大好きな映画の感想、おいしい食べ物、本の話、素敵な街で感じたことなどつれづれなるままに歩きます。

映画「国宝」 吉沢亮&横浜流星

2025-06-10 05:13:59 | 映画(自分好みベスト100)

映画「国宝」を映画館で観てきました。

映画「国宝」は任侠人の息子に生まれた男が歌舞伎の世界に入り、女形として身を立てようとする道筋を描いた吉田修一の原作を映画化。吉田修一は黒装束の裏方として歌舞伎界に3年身を置いていたようだ。名脚本家の奥寺佐渡子が脚色して監督は「悪人」李相日だ。相当な準備期間を経て製作された前評判の高い映画である。

とにかく豪華キャストだ。主演の吉沢亮のライバルになる師匠の息子が現在の大河ドラマの主役横浜流星で,国際派俳優の渡辺謙が師匠役だ。その妻を梨園出身の寺島しのぶが演じる。上映時間が約3時間と長いけど、作品の出来を期待して映画館に向かう。

長崎で任侠の頭である立花権五郎(永瀬正敏)の宴会に歌舞伎役者花井半二郎(渡辺謙)が訪れる。そこでは組長の息子立花喜久雄が女形の芸を披露していた。ところがその場に敵対する組が押し寄せ立花組長は殺される。

喜久雄は父の復讐に燃えていたが果たせず、上方歌舞伎の丹波屋・花井半二郎の元で預かってもらう。半二郎の息子俊介とともにで芸の稽古に励むことになる。稽古は厳しいながらも、半二郎から花井東一郎の名を与えられようやく重要な役を掴むようになる。

その後半ニ郎の負傷で図らずも十八番「曽根崎心中」の代役が回ってきた。当然、息子の俊介(横浜流星)が演じるべき話と誰もが思ったのに、半二郎が指名をしたのは喜久雄(吉沢亮)だった。そこで葛藤が生まれ俊介は喜久雄を追って長崎から移り住む春江(高畑充希)と一緒に暮らすようになり歌舞伎界を一旦離れる

すばらしい作品だ。当然のごとく日本映画の今年ナンバーワンになるであろう。

最初に長崎での襲撃場面で一気に観客の心をつかむ。その後も高いレベルで観る自分を刺激するシーンが続く。歌舞伎の舞台だけでなく、芸者のいるお座敷での和のショットもいい。撮影も適切なアングルだ。原作を読んでいないので、次の展開はどうなるんだろうと思わせて物語は進むので長時間でも飽きない

自分は歌舞伎には詳しくないが、各俳優が演じる歌舞伎のシーンは呆れるほどすばらしい。出演するたびに毎回強い存在感を示す田中泯(女形の小野川万菊)がここでも怪優ぶりを発揮した。

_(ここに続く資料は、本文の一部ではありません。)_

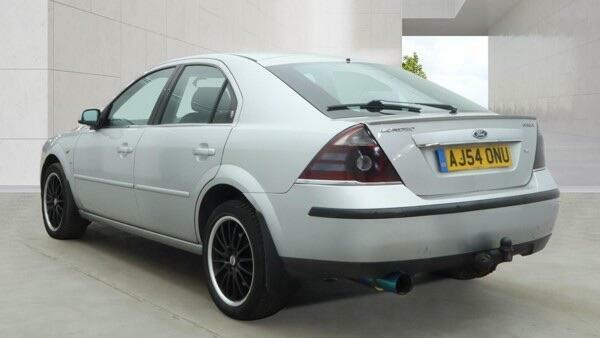 Ford Mondeo Ghia X Silver #3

吉沢亮演じる外様の歌舞伎役者と血統を受け継ぐ横浜流星ライバル物語である。高校生の時、長崎から引き取られた喜久雄は稽古に精進して、師匠の息子俊介と肩を並べる。ともに成長していけばよいが、長期間にわたって交互に片方が浮上すると片方は低迷する。ある時期にそれぞれが歌舞伎界から遠のく状態になってしまうのだ。

ここで強調されるのが血統だ。周囲はもちろん花井半二郎の妻(寺島しのぶ)はずっと息子の俊介の活躍にこだわる。

⒈吉沢亮

この映画を観て吉沢亮は本当に運が良かったと思う。昨年末飲み過ぎでうっかりマンションの隣室に入ってしまうという問題を起こした。日本人特有の「過度な足の引っ張り症候群」にやられなかったのはラッキーだ。もし失脚したら、我々はこのすばらしい映画に巡り合うことができなかった。

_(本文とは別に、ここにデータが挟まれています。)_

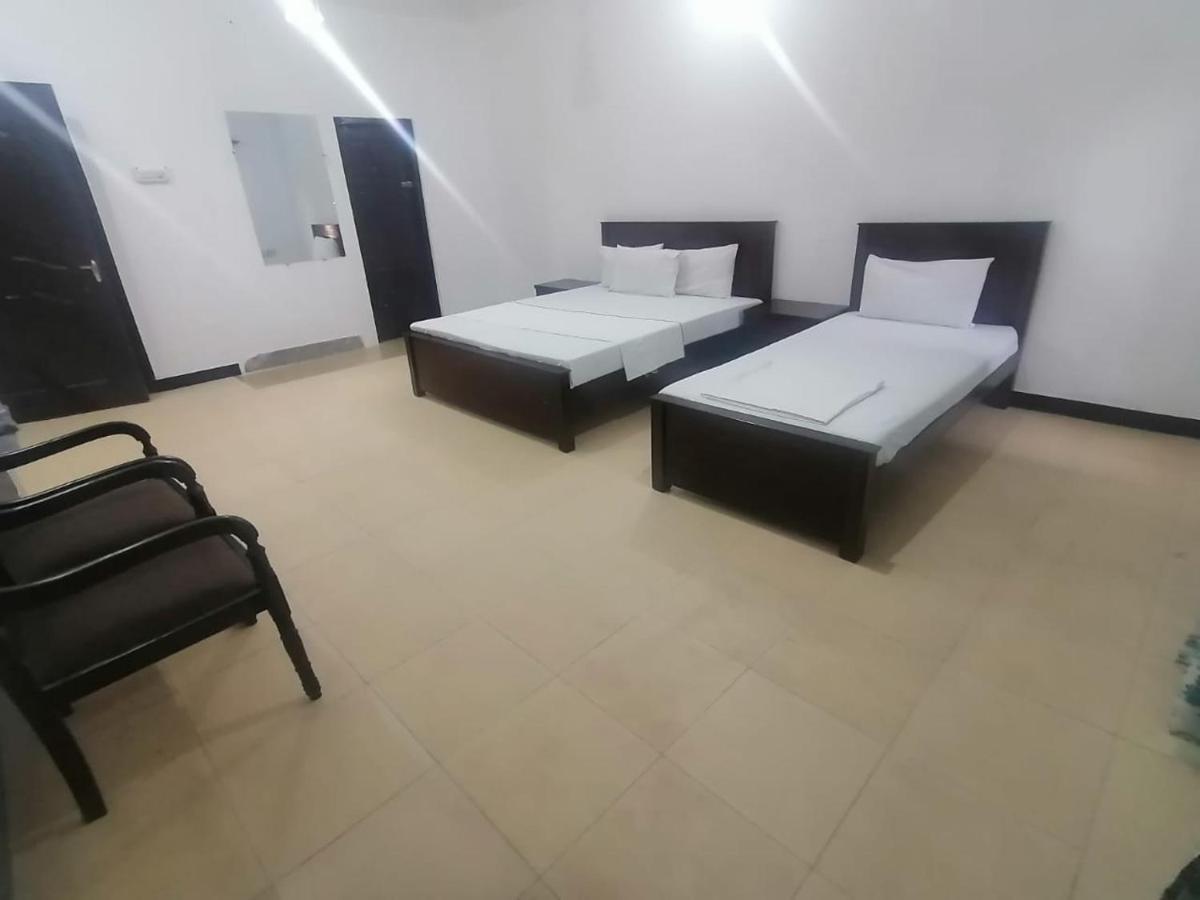 Lux Lounge Guest House Islamabad Exterior foto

代役が演技しているわけでなく、このレベルの歌舞伎の立ち回りができるようになるまでかなりの鍛錬が必要だったはずだ。お見事だ。横浜流星と組んだ「二人道成寺」に驚き、「曾根崎心中」では男役と女役の両方をこなす。特に最後の紙吹雪が舞い上がる中での場面には身震いした。3時間を長いと感じさせない。

⒉血統と歌舞伎界

歌舞伎役者の世襲が延々と続くのは仕方ないと思う。それこそ、小学校に入学する前から歌舞伎の道に入るための英才教育を受けている訳だ。タニマチ筋のようなスポンサーもいるだろう。梨園の世界はカネがかかるとその筋の方から聞いたこともある。後ろ盾がない普通の役者が追い抜いていくのは容易ではない。血筋と関係ない片岡愛之助超レアだ。

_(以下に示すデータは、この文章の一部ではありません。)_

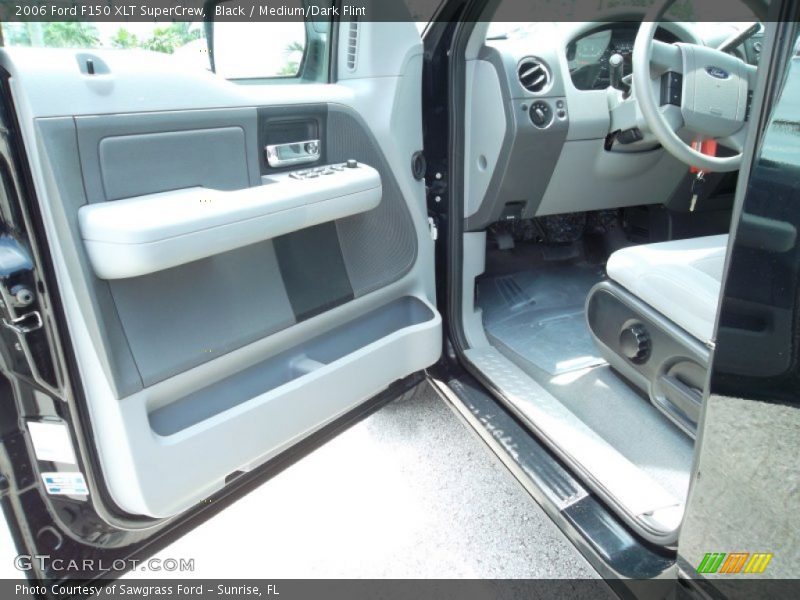Black / Medium/Dark Flint 2006 Ford F150 XLT SuperCrew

この映画では主人公の立花喜久雄が高校在学の頃から花井半二郎の門に入る設定だ。まだまだ成長期の頃に超一流の師匠から教えを受けるのなら現実的にはあり得る感じもする。師匠を通じての後ろ盾だってあるからだ。歌舞伎の興行を担う会社の社員(三浦貴大)から世襲でないのにうまくいくわけがないと言われケンカする場面がある。うーんと思いながら見ていたが、三浦友和と山口百恵のセガレがいう言葉なので妙な感じがした。

 

⒊歌舞伎

架空の歌舞伎の劇場として西の浪速座と京座、東の日乃本座の名前が使われていた。実際に撮影した歌舞伎劇場ってどこなんだろうと映画を観ながら思っていた。いわゆる東西の歌舞伎の殿堂である東京の歌舞伎座と京都の南座は使われたのかな?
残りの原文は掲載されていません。